I have drawn the following figure.

\documentclass[a4paper, 11pt]{book}
\usepackage{tikz}
\usetikzlibrary{calc}
\usetikzlibrary{arrows}      
\usetikzlibrary{decorations.markings}

\makeatletter
\newcommand{\gettikzxy}[3]{%
\tikz@scan@one@point\pgfutil@firstofone#1\relax
\edef#2{\the\pgf@x}%
\edef#3{\the\pgf@y}%
}
\makeatother

\begin{center}

\begin{tikzpicture}
\draw[gray, thick] (0,0) to [bend left=20]  coordinate[pos=0.15](A)(7,2);
\filldraw[black] coordinate[pos=1] (B)(7,2) circle (1.5pt);
\draw[thick,gray] (A) to [bend right = 10] (7,2);
\gettikzxy{(A)}{\ax}{\ay}
\gettikzxy{(B)}{\bx}{\by}
\fill[black] (\ax, \ay) circle (1.5pt) node[anchor = east]{$\sigma(\epsilon)$};
\fill[black] (\bx, \by) circle (1.5pt) node[anchor = east]{$p$};
\fill[black] (7,2) circle (1.5pt) node[anchor = west]{$q$};


\draw (3.6,1.8) node[anchor = south]{$\sigma$};
\draw (4,1) node[anchor = south]{$\delta$};
\end{tikzpicture}

\end{center}

Here is the image.

enter image description here Now I would like to add two vectors at the point $\sigma(\epsilon)$, one tangent to the curve $\sigma$ and the other one tangent to the curve $\delta$.

Thank you very much!

  • @Ignasi - I don't think it's quite a duplicate, because OP wants the tangent at delta drawn at sigma (at least I think that's what the question asks). In Metapost you could just use rotated angle direction t of curve to get the desired angle, but I don't see how you can do that with a Tikzy decoration approach. – Thruston Jul 8 '16 at 10:44
  • @Thruston I don't say it's a duplicate, but a related question which, may be, it's worth to read. – Ignasi Jul 8 '16 at 11:48
  • @Ignasi - fair enough! – Thruston Jul 8 '16 at 11:49
  • I'm trying to "play" with the codes I found in the links.. but I am not getting anything good so far. I am very new to the package Tikz. I've discovered it just yesterday.. Anyhow thank you for the links! – Onil90 Jul 8 '16 at 11:51
8

I found a solution playing a bit with the codes I found in the answer at this question, as it was suggested in the comments.

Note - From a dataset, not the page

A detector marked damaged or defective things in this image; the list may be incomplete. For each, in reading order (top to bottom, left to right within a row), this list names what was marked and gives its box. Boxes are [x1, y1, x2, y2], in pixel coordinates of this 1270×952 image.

I do not have any idea why and how the code does work, but still the result is exactly what I was looking for. I want to share with you the code because maybe it will be useful for some other people one day.

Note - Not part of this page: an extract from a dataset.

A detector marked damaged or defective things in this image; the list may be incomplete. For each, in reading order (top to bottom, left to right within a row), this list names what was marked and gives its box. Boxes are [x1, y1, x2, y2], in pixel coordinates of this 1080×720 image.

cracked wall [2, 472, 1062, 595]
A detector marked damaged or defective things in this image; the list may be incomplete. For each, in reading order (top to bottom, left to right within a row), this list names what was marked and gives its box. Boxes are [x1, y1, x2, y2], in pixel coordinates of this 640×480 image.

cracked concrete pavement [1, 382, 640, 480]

\documentclass[a4paper, 11pt]{book}
\usepackage{tikz}
\usetikzlibrary{calc}
\usetikzlibrary{arrows}      
\usetikzlibrary{decorations.markings}



\makeatletter
\newcommand{\gettikzxy}[3]{%
\tikz@scan@one@point\pgfutil@firstofone#1\relax
\edef#2{\the\pgf@x}%
\edef#3{\the\pgf@y}%
}
\makeatother


\begin{document}
\begin{center}

\begin{tikzpicture}
\draw[gray, thick] (0,0) to [bend left=20]node[sloped,inner sep=0cm,above,pos=.15,
  anchor=south west,
  minimum height=(10.5)*0.3cm,minimum width=(10.5)*.3cm](N){}  coordinate[pos=0.15,sloped,inner sep=0cm,below,
  anchor=south west,
  minimum height=3cm, minimum  width=2cm] (A)(8,2);

\path (N.south west)           
       edge[-stealth',black] node[above] {$\dot{\sigma}(\epsilon)$} (N.south east);


\filldraw[black] coordinate[pos=1] (B)(8,2) circle (1.5pt);
\draw[thick,gray] (A) to[bend right = 15] node[sloped,inner sep=0cm,above,pos=0,
  anchor=south west,
  minimum height=(10.5)*0.3cm,minimum width=(10.5)*.3cm](C){}  (8,2);

\path (C.south west)
       edge[-stealth',black] node[below] {$\dot{\delta}(0)$} (C.south east);      

\gettikzxy{(A)}{\ax}{\ay}
\gettikzxy{(B)}{\bx}{\by}
\fill[black] (\ax, \ay) circle (1.5pt) node[anchor = east]{$\sigma(\epsilon) = \delta(0)$};
\fill[black] (\bx, \by) circle (1.5pt) node[anchor = east]{$p$};
\fill[black] (8,2) circle (1.5pt) node[anchor = west]{$q$};


\draw (5,2) node[anchor = south]{$\sigma$};
\draw (5.5,1) node[anchor = south]{$\delta$};
\end{tikzpicture}

\end{center}

\end{document}

Here is the picture of the result.

enter image description here

  • 1
    where is defined \gettikzxy, \ax, ay, ... your example I can't compile. do I miss something? – Zarko Jul 8 '16 at 12:44
  • ah yeah! sorry! it is incomplete! I will edit in few seconds – Onil90 Jul 8 '16 at 12:49
  • Now it should work! – Onil90 Jul 8 '16 at 12:52
  • 1
    now it works! (+1) for nice solution :-) – Zarko Jul 8 '16 at 13:11
1

It can be done with a decoration but not the markings decoration as that will prove to be too inaccurate. Instead, the show path construction decoration can be used in combination with the basic layer \pgftransformcurveattime command. It isn't strictly necessary to access the internal segment points from the decoration engine, but it is less verbose.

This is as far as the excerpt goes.